--- PROMPT ---
Below are the records; give again exactly the lines from the one containing "Next, we have" through the one containing "Now, this project", leaving out pictures.

--- DATASET RECORDS ---
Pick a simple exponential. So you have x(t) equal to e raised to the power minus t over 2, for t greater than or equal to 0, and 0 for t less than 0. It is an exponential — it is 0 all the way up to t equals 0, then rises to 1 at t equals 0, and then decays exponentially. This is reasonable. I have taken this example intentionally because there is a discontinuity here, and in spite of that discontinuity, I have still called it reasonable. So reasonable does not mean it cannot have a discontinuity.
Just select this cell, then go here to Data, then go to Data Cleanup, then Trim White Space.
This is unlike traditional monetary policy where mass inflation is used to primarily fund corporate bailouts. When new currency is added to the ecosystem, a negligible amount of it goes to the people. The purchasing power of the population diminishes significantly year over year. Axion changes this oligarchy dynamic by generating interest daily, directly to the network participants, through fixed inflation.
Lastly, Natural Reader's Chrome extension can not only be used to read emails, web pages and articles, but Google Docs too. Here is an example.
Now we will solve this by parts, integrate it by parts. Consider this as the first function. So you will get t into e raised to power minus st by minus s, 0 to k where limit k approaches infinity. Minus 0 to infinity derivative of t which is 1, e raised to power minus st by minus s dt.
...
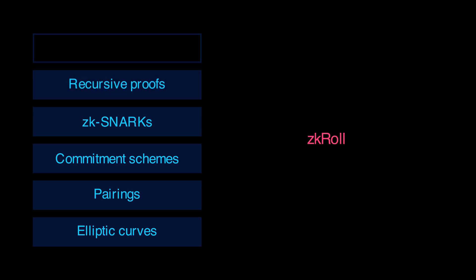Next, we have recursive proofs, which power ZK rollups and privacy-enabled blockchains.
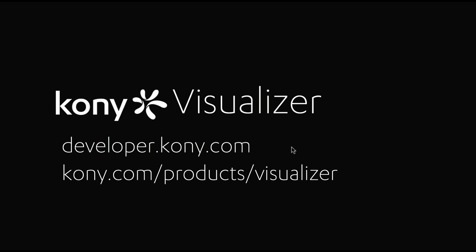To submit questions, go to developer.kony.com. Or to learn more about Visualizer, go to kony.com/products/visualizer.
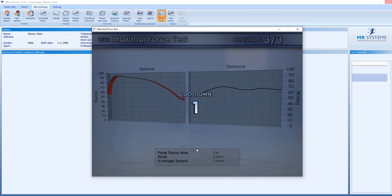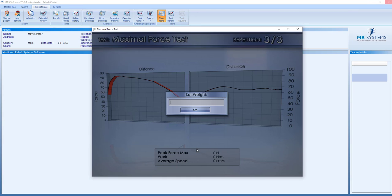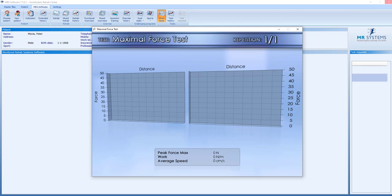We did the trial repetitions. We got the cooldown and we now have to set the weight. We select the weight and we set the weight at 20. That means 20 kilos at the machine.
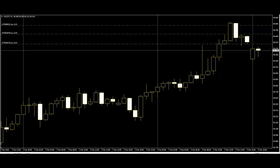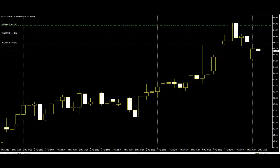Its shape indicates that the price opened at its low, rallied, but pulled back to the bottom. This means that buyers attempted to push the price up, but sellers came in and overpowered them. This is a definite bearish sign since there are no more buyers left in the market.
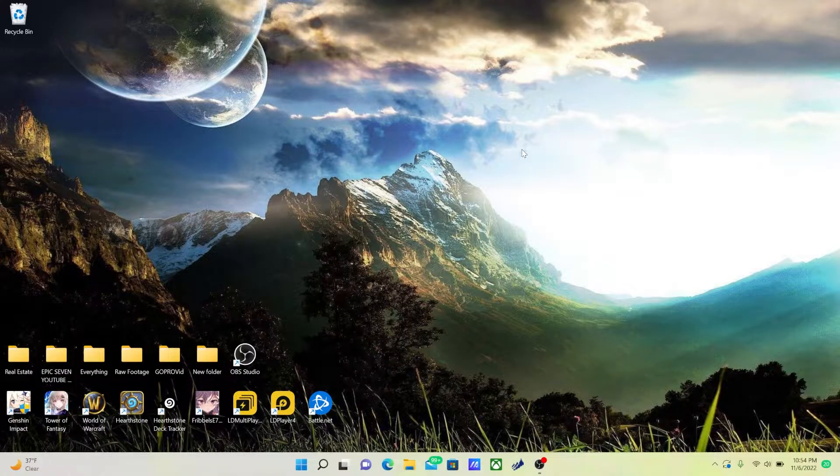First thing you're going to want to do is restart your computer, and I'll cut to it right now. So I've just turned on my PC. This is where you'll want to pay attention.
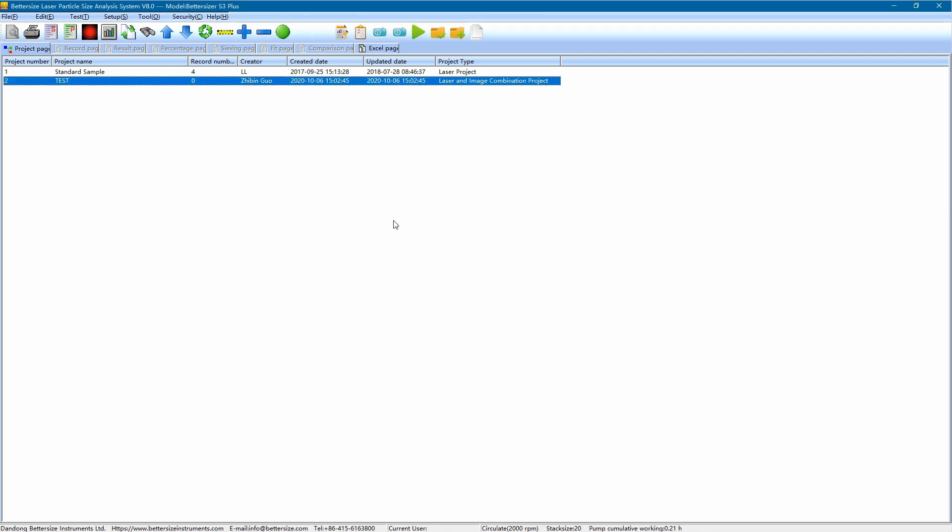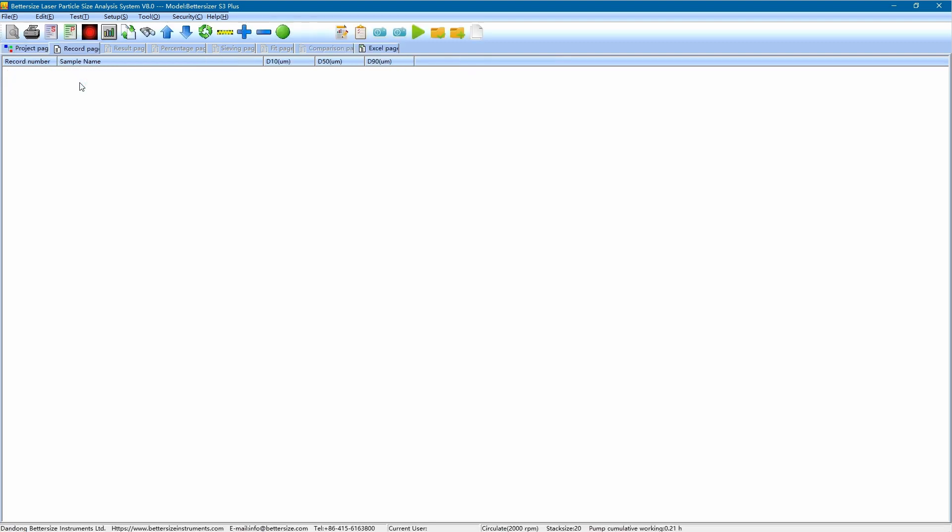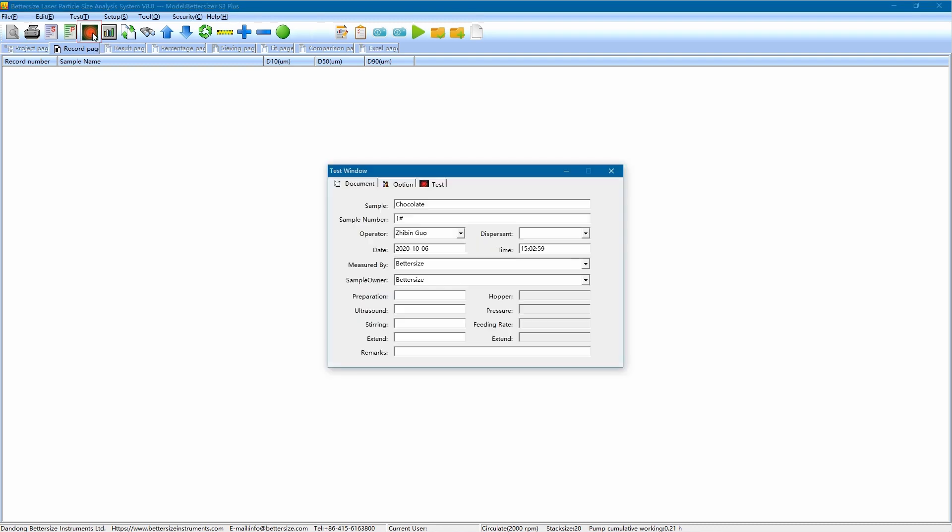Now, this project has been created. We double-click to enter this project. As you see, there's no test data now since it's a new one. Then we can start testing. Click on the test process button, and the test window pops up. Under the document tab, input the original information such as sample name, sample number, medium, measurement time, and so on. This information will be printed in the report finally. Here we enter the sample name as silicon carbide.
---
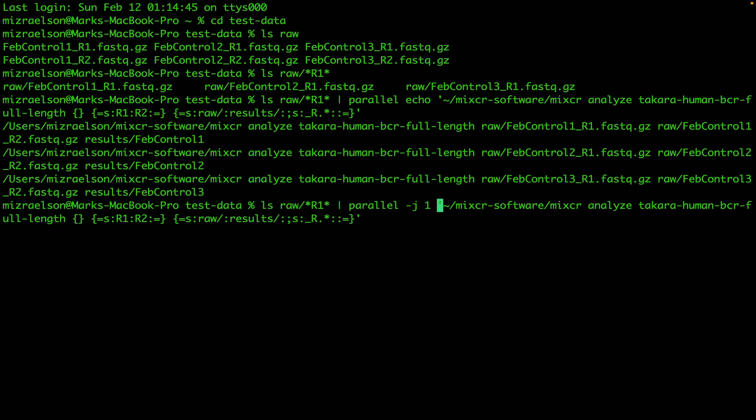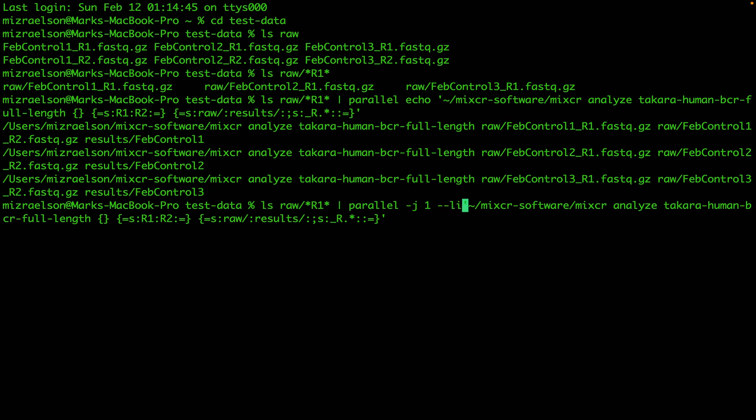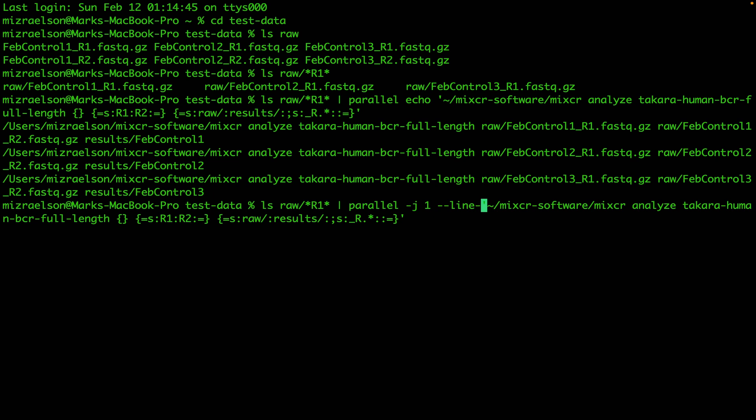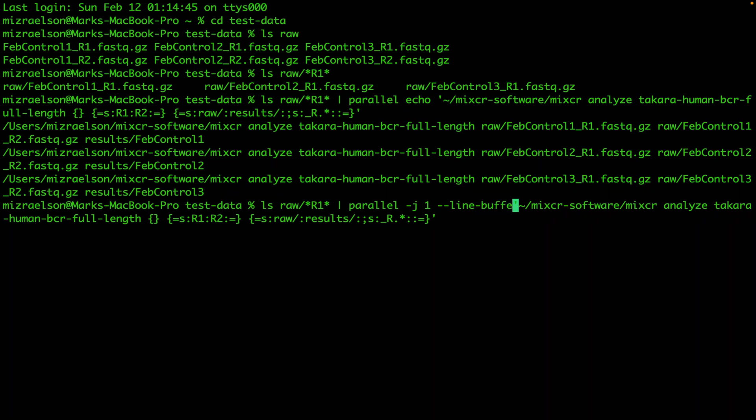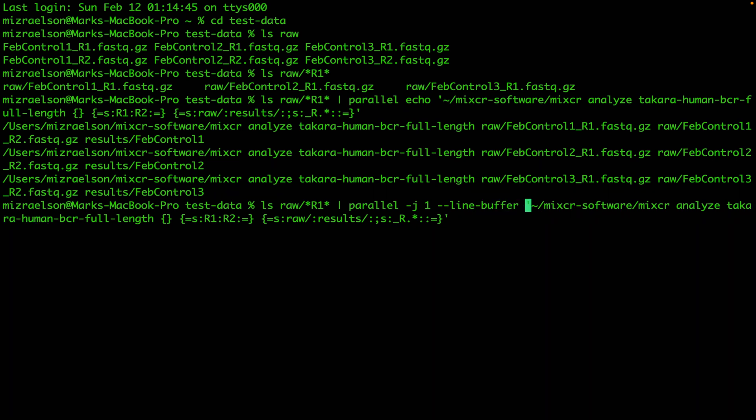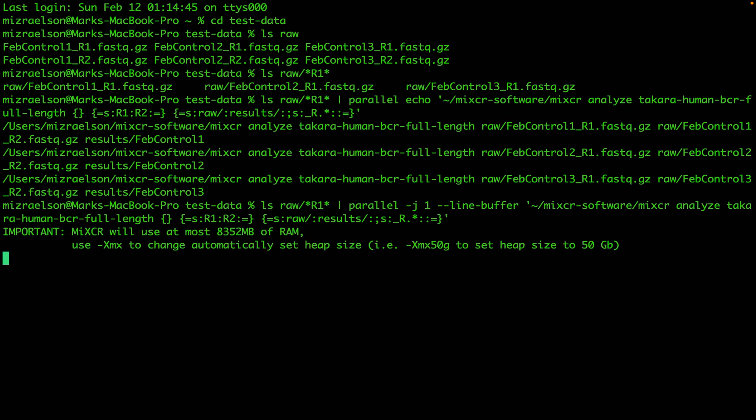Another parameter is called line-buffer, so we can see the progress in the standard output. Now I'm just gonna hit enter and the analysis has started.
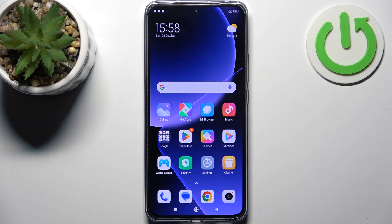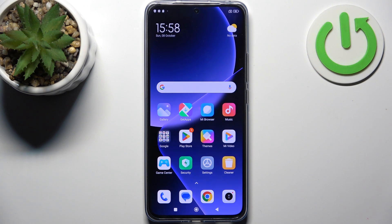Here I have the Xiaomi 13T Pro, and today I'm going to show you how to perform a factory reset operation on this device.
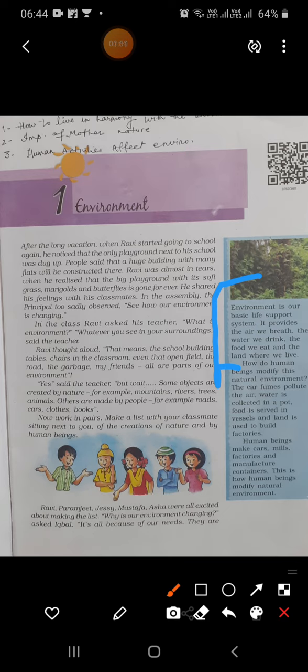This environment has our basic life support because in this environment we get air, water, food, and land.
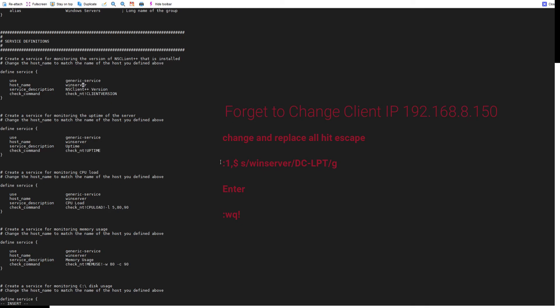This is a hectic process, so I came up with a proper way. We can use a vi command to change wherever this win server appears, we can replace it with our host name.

--- ANSWER BOX ---
Next, we have recursive proofs, which power ZK rollups and privacy-enabled blockchains.
To submit questions, go to developer.kony.com. Or to learn more about Visualizer, go to kony.com/products/visualizer.
We did the trial repetitions. We got the cooldown and we now have to set the weight. We select the weight and we set the weight at 20. That means 20 kilos at the machine.
Its shape indicates that the price opened at its low, rallied, but pulled back to the bottom. This means that buyers attempted to push the price up, but sellers came in and overpowered them. This is a definite bearish sign since there are no more buyers left in the market.
First thing you're going to want to do is restart your computer, and I'll cut to it right now. So I've just turned on my PC. This is where you'll want to pay attention.
Now, this project has been created. We double-click to enter this project. As you see, there's no test data now since it's a new one. Then we can start testing. Click on the test process button, and the test window pops up. Under the document tab, input the original information such as sample name, sample number, medium, measurement time, and so on. This information will be printed in the report finally. Here we enter the sample name as silicon carbide.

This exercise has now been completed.